滋賀県大津市坂本の町を、駅から比叡山麓へと向かう雑木林の坂道を登り、曲り道を抜けると、葭葺きの家が目に飛び込んでくる。
森を借景にした田舎家の手前には手入れの行き届いた田畑が広がり、振り返ると琵琶湖畔を眼下に見下ろす、一幅の絵のような美しい佇まい ―― ここは、「麦の家」と呼ばれる、主宰者の山崎隆さんとそのご家族が、衣食住の自給自足を実践する場である。

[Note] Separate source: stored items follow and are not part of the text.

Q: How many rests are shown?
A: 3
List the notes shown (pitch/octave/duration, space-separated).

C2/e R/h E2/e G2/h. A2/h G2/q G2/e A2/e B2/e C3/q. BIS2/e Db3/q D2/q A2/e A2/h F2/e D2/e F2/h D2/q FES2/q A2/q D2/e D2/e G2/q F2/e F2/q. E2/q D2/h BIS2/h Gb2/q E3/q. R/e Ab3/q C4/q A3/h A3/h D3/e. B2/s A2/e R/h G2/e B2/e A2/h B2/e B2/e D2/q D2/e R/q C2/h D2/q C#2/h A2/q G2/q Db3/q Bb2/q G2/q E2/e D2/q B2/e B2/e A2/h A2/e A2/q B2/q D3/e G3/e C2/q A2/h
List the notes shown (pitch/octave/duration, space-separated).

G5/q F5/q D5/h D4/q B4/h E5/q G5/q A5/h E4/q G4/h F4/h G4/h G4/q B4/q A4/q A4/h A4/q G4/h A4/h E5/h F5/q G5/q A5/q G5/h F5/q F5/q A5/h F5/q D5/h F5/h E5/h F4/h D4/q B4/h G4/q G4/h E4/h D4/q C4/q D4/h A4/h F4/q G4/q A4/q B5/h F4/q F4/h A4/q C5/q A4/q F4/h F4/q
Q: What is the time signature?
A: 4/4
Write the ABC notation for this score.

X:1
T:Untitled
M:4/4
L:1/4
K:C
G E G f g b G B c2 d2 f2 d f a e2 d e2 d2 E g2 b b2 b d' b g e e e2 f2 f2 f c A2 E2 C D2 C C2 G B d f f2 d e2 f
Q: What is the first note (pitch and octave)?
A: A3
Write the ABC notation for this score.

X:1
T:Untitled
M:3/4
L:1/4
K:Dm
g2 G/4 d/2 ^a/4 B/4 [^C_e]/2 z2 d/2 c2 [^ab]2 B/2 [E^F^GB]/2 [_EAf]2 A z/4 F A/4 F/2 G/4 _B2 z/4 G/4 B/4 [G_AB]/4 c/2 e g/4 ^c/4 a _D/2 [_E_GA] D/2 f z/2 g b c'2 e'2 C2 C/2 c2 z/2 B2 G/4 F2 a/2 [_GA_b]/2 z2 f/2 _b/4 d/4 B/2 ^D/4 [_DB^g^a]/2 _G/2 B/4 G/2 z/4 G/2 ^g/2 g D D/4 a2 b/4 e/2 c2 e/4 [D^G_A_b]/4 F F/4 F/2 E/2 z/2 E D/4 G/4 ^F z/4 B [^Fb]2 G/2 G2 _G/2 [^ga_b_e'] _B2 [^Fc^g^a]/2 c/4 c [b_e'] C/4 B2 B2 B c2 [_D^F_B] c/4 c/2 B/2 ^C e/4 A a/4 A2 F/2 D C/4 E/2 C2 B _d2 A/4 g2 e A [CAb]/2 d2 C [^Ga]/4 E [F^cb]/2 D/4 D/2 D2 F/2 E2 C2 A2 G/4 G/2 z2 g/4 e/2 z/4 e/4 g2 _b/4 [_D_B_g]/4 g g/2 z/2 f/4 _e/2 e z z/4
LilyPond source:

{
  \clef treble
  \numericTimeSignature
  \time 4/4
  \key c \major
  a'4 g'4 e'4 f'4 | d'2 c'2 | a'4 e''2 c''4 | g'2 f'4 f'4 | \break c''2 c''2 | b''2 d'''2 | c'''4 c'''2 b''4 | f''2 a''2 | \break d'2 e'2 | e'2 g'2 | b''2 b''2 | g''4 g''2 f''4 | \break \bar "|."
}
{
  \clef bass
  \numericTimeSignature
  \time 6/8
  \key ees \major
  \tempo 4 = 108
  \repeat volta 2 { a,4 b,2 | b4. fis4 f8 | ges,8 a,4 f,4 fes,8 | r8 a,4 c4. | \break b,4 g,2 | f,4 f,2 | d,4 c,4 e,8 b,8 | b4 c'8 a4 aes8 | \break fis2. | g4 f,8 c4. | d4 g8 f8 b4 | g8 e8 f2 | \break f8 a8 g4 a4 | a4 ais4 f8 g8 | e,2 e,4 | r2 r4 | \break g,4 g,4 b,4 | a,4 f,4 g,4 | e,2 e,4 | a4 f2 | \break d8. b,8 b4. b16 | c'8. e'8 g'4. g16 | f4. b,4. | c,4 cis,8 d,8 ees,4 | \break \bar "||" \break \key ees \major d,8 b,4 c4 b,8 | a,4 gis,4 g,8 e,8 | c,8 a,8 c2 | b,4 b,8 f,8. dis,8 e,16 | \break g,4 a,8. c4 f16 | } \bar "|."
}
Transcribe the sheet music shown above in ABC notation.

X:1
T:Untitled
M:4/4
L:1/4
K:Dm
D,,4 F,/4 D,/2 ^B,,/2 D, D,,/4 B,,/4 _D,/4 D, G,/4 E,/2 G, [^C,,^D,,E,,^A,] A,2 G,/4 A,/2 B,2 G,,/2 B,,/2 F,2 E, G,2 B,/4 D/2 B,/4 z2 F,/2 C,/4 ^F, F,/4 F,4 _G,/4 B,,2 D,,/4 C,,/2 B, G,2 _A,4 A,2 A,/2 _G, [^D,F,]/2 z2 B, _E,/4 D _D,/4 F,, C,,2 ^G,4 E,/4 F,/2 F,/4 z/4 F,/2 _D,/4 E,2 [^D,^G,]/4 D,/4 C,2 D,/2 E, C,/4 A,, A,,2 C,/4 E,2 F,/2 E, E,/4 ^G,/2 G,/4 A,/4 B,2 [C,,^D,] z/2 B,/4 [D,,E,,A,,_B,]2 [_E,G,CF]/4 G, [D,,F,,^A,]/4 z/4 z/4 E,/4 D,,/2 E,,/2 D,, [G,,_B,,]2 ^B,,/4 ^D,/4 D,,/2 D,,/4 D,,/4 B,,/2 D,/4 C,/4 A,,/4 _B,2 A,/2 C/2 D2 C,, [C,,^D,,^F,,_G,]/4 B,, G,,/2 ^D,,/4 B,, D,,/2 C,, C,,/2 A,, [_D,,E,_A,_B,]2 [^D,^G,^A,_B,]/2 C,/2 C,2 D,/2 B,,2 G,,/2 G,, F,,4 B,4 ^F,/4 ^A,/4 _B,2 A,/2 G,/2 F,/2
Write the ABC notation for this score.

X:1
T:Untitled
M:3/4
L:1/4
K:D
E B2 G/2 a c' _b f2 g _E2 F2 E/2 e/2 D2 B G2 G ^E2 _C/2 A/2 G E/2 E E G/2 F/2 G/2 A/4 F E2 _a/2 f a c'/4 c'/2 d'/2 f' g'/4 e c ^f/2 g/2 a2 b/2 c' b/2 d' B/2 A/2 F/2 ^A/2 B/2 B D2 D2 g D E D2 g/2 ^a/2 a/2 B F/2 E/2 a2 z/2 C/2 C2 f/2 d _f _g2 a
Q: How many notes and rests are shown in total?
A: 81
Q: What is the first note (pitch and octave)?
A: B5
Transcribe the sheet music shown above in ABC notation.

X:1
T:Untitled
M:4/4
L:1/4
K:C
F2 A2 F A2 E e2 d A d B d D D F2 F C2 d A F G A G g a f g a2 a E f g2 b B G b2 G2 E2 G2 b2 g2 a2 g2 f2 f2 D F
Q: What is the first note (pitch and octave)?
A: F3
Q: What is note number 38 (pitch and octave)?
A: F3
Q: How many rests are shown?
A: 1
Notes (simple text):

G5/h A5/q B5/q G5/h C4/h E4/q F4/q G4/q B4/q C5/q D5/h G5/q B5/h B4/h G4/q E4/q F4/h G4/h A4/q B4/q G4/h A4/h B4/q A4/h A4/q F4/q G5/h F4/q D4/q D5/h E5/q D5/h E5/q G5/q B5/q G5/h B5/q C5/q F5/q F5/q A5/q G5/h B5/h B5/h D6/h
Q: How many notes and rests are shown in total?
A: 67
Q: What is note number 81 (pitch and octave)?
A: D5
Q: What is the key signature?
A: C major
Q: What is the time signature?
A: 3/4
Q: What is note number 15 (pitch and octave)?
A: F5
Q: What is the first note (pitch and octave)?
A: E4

棚橋俊夫さんは、初めて「麦の家」を訪れたとき、「これがすべてなんだ」と、答えが出た気がしたという。27歳で精進料理を学ぶべく大津市内の月心寺に入り、料理修行を積んでいた折の出会い。未開の地であった当地に入植し「麦の家」を結成した先代松井浄蓮氏が存命の頃で、以来、2代目を継いだ山崎氏との交流は25年余になる。
「ここは農業を土台に衣食住すべてを自給自足していますが、なかでも『衣』にあたる織物作りは、蚕を育てるところから機織りまで一貫して手がけ、日枝紬という洗練された作品を作っている。『ハレ』にあたる『衣』までを担っていることがすばらしい。一見何もないように見えて、実はここは生きるためのすべてがある理想郷です」
「農」を下支えにした衣食住があるつつましい暮らし、あたたかく穏やかながら、知らず背筋がピンと伸びるような凜とした空気に包まれた家 ―― かつてこの国に確かにあって、今は失われてしまった宝が、ここには当たり前のようにある。「衰退する日本の伝統的食文化についてのお話をうかがいたい」との依頼に、棚橋さんが取材の場として「麦の家」を選んだ理由が、語らずとも眼前に体現されている気がした。

精進料理人に聞く 日本の食の危機をどう救うか

月心寺で3年間の料理修行の後、東京・表参道に精進料理の店「月心居」を構えてから現在まで、ひたすら「精進料理のすばらしさを伝え、広めることが我が使命」という信念のもと歩んできました。精進料理は野菜を中心にした、天からの恵みをいただく料理、世界に誇る日本の根本料理です。